*** RECORDS SHOWN ***

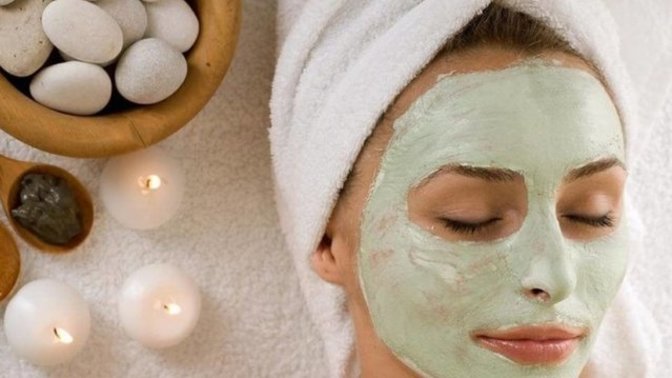 Yeni Bir Maske Deniyorum; Avakado ve Maydonoz İçerikli Maske!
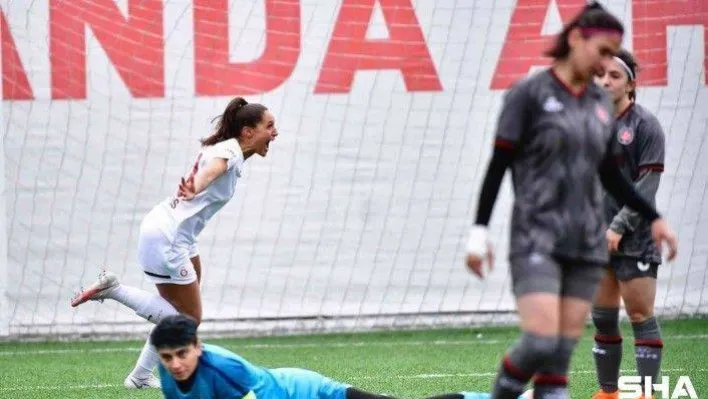 Turkcell Kadın Futbol Süper Ligi: Galatasaray: 2 - Fatih Karagümrük: 1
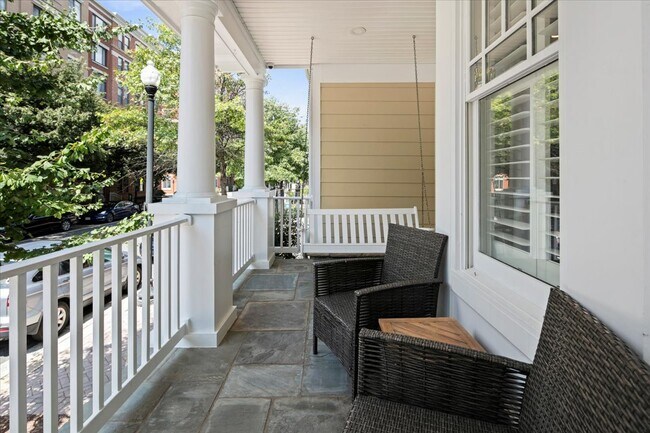 Foto del edificio - 2863 11th St N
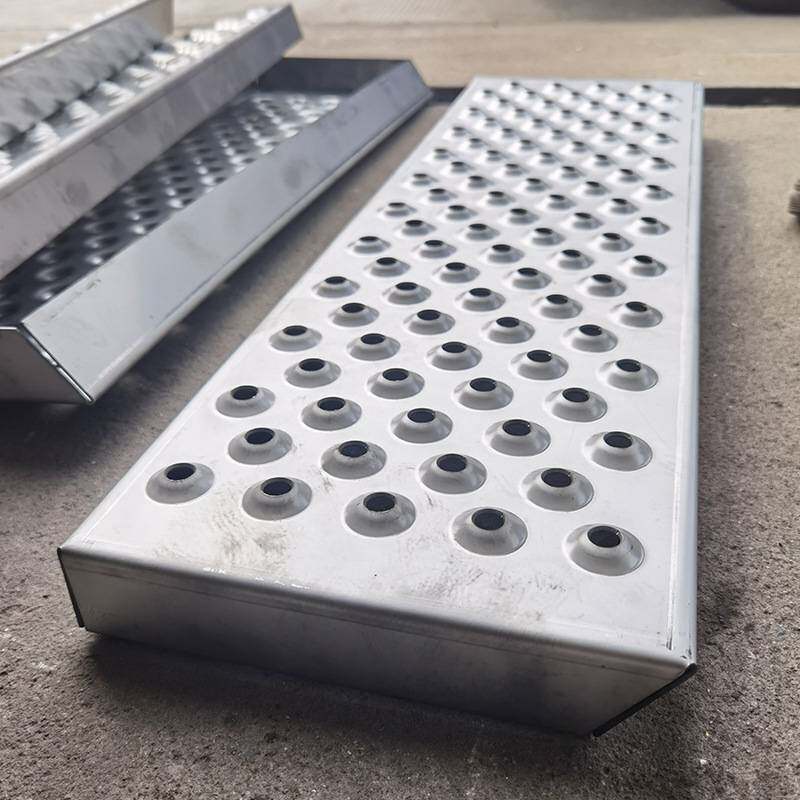 不锈钢冲孔防滑板鱼眼圆形冲孔网凸起走冲孔铝板防滑板平台道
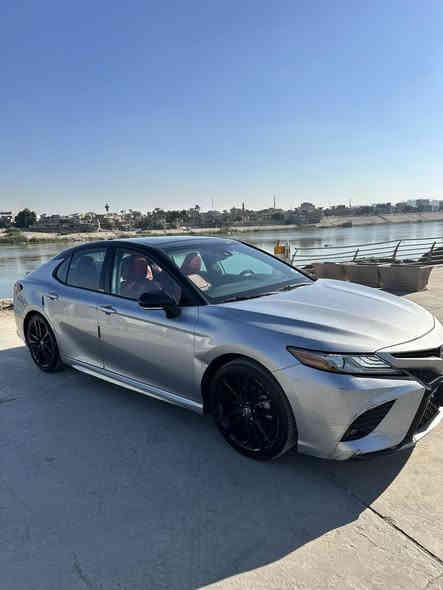 السلام عليكم 
كامري موديل 2019 xse محرك اربعة سلندر 
بانوراما
مقاعد امامية تدفئة متحركة
شاشك نظام كار بلي
تحديد مسار
رادار امامي
تحذير نقطة عمياء بالمراة الجانبية
نظام تحذير من الاصدام
هندبريك كهربائي
اوتو هولد 
تبريد قطعتان
ويل قياس 19 رياضي
داخل احمر عمل 
حادث خلفي مثل ما مبين بالصور 
السيارة ماشية 100000كم
مكان السيارة بغداد كاظمية
السعر 192ورقة
***********
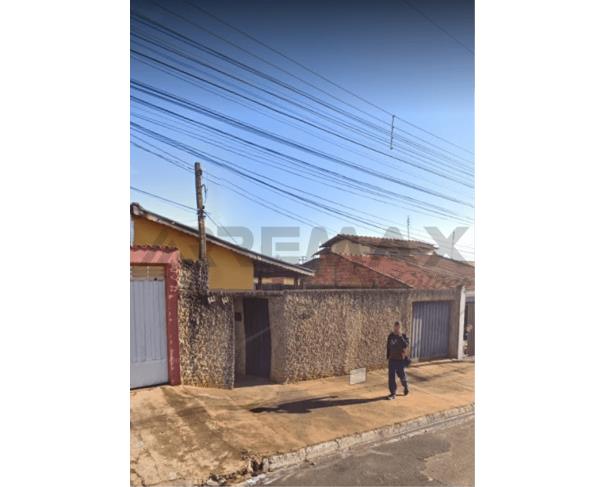 Foto de TOTALIDADE DO IMÓVEL (artigo 843 do Código de Processo Civil/decisão fls. 672), assim descrito: 1(um) Lote do Terreno sob o nº “36”, Quadra “E”, do LOTEAMENTO DENOMINADO “JARDIM BOM PASTOR II”, nesta Cidade, Distrito, Município e Comarca de São Manuel/SP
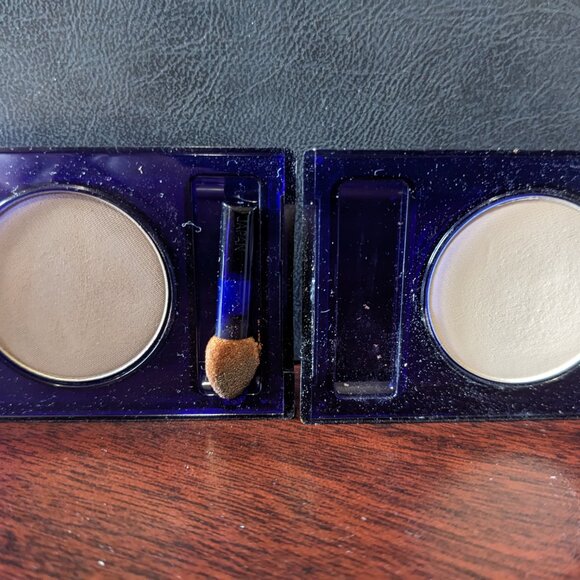 Estee Lauder Set of 2 Eyeshadows - Picture 2 of 3
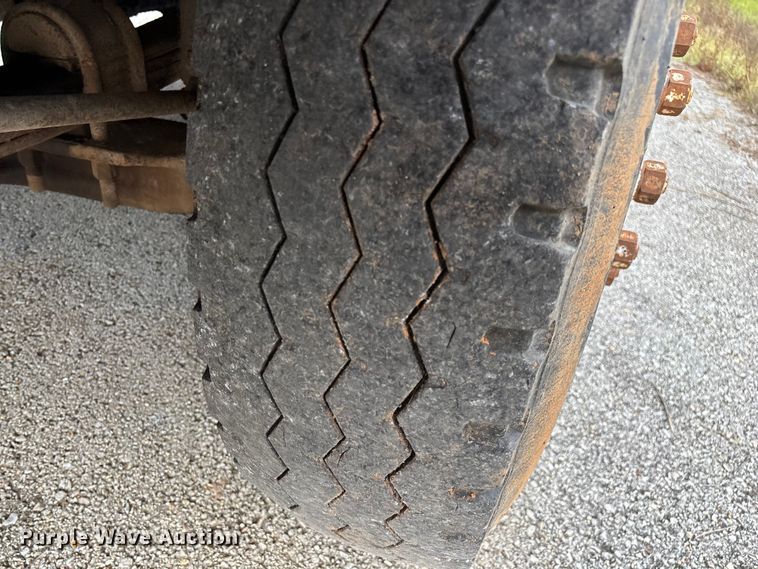 image for item EN5628 1994 Freightliner FLD  dump truck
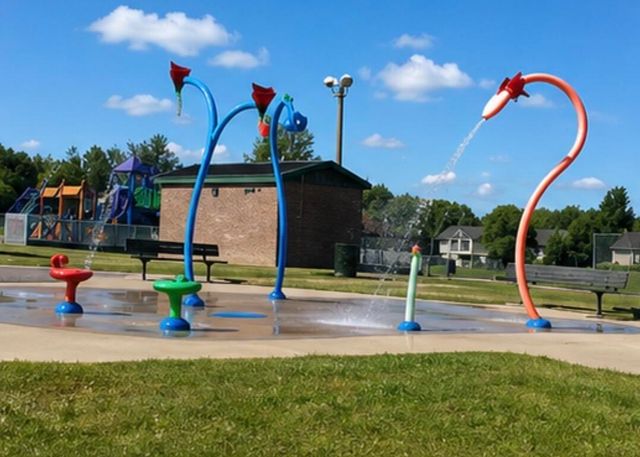 2074 Wolfboro Drive Se, City Of Kentwood, MI 49508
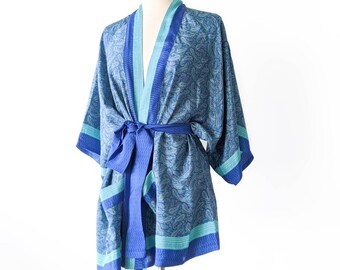 Hellblaue Paisley-Robe, seidig blaue Robe, XS-Robe, einzigartig, OOAK, seidiger Staubwedel, Morgenmantel, kurze Tunika-Robe, Boho-Tunika-Wickel, Sommerrobe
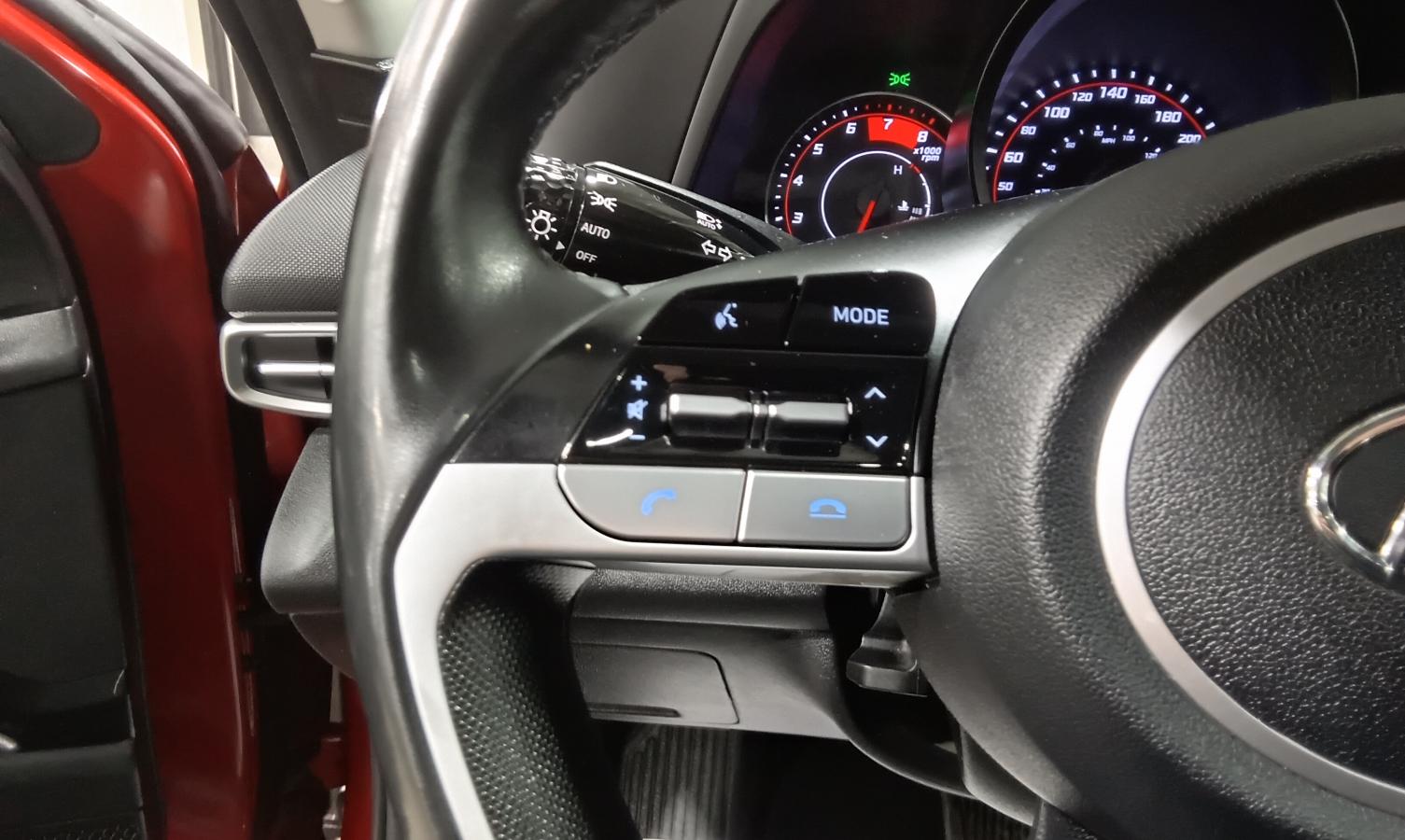 2021 Hyundai Elantra - Image 25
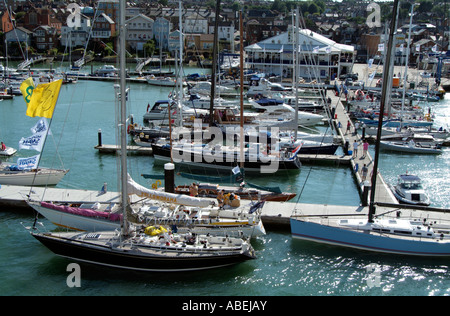 Cowes Yacht Haven am Fluss Medina in Cowes Isle Of Wight England UK Stockfoto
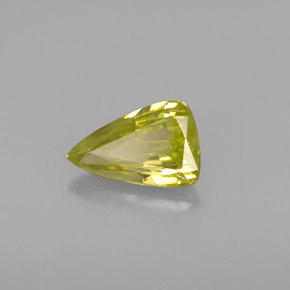 Esfena Verde dorado natural de 0.63 ct, Trillón, VVS-VS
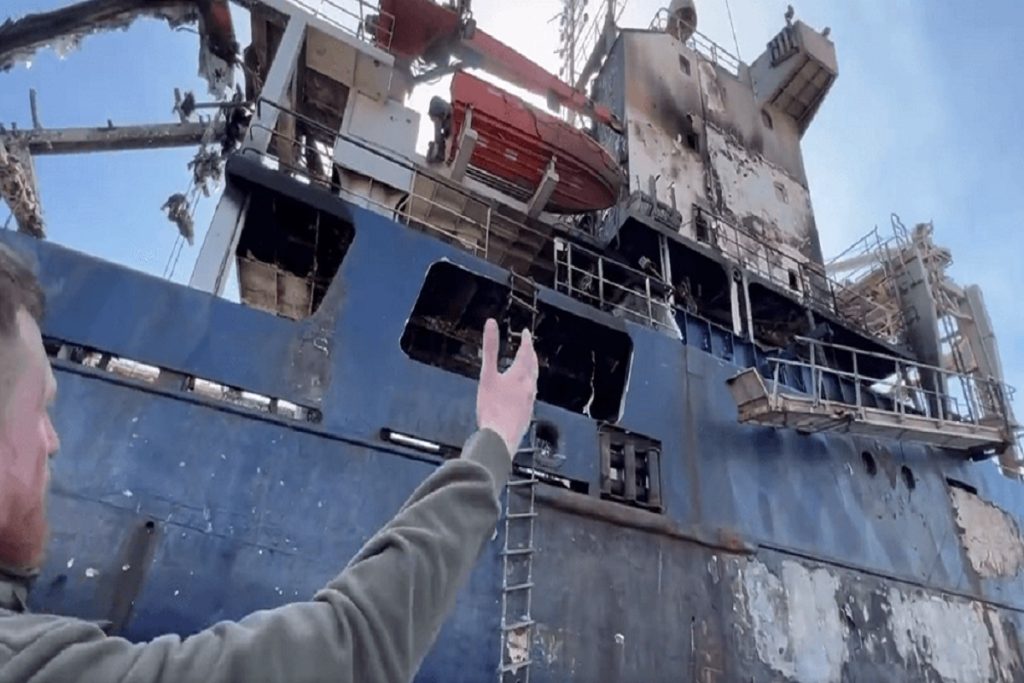Το ρωσικό ναυτικό χτύπησε τουρκικό φορτηγό πλοίο κοντά στη Μαριούπολη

*** End of RECORDS SHOWN ***

**WHAT IS BEING ASKED**: Filter the lines above, keeping and copying those that contain "السيارة".

**EXERCISE SOLUTION**:
السيارة ماشية 100000كم
مكان السيارة بغداد كاظمية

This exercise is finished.